• [Required action] The entire listing, reproduced exactly and stripped of images, is the expected output.

====== Provided data ======

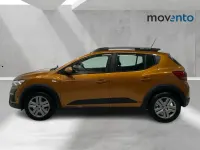 Usado Dacia Sandero Comfort 91 CV (66 kW) 2022 Naranja Berlina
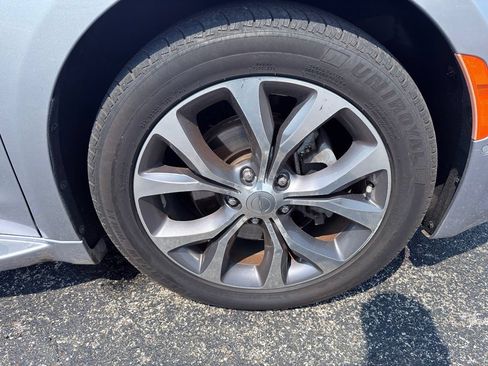 Used 2017 Chrysler Pacifica Limited w/ Advanced Safetytec Group FWD image 16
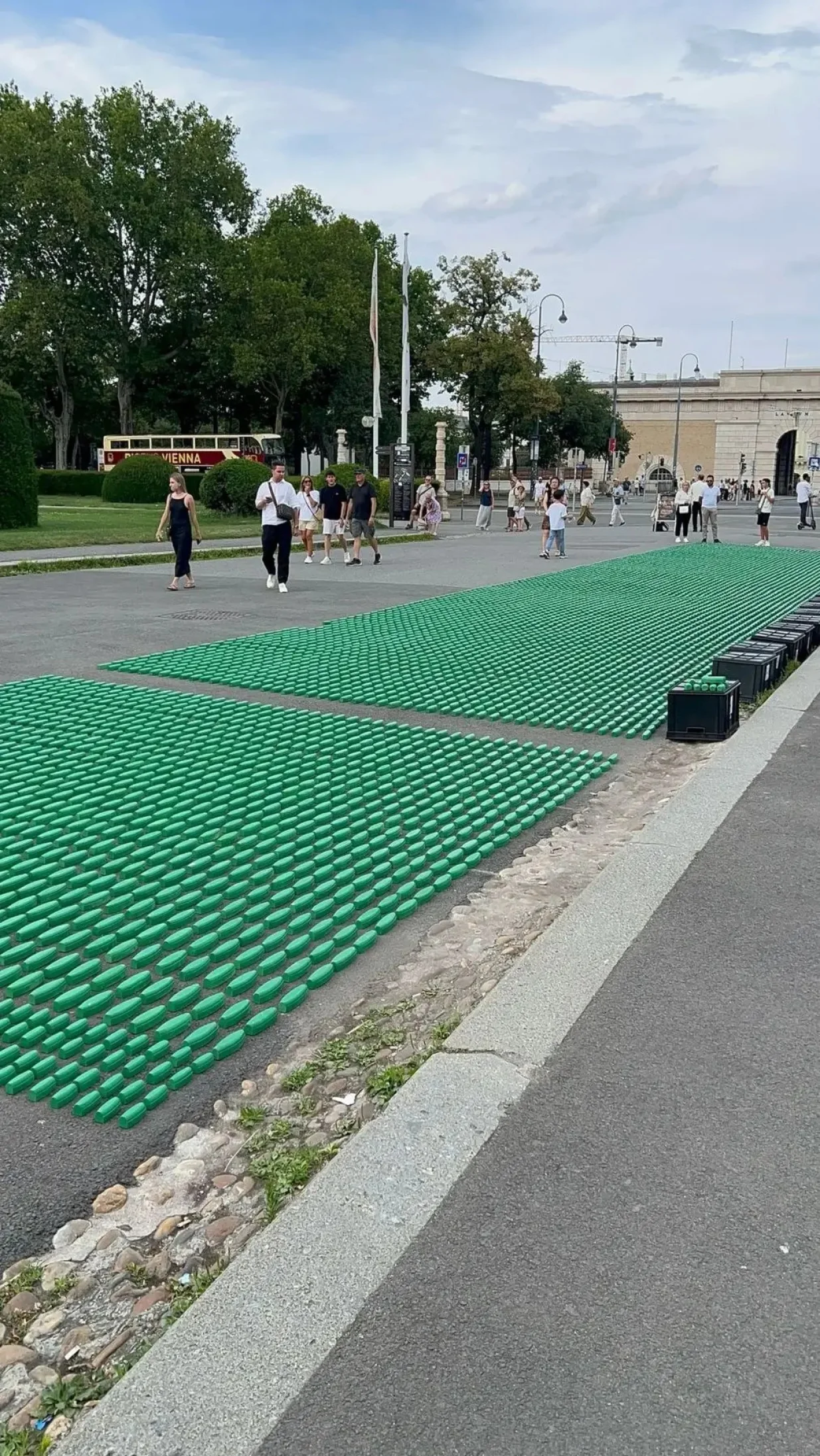 Kulturno-umjetnički performans pod nazivom "Cvijet istine i nade" u Beču (Austrija), povodom 30. godišnjice genocida u Srebrenici//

======

• [Solution for this problem]
 Usado Dacia Sandero Comfort 91 CV (66 kW) 2022 Naranja Berlina
 Used 2017 Chrysler Pacifica Limited w/ Advanced Safetytec Group FWD image 16
 Kulturno-umjetnički performans pod nazivom "Cvijet istine i nade" u Beču (Austrija), povodom 30. godišnjice genocida u Srebrenici//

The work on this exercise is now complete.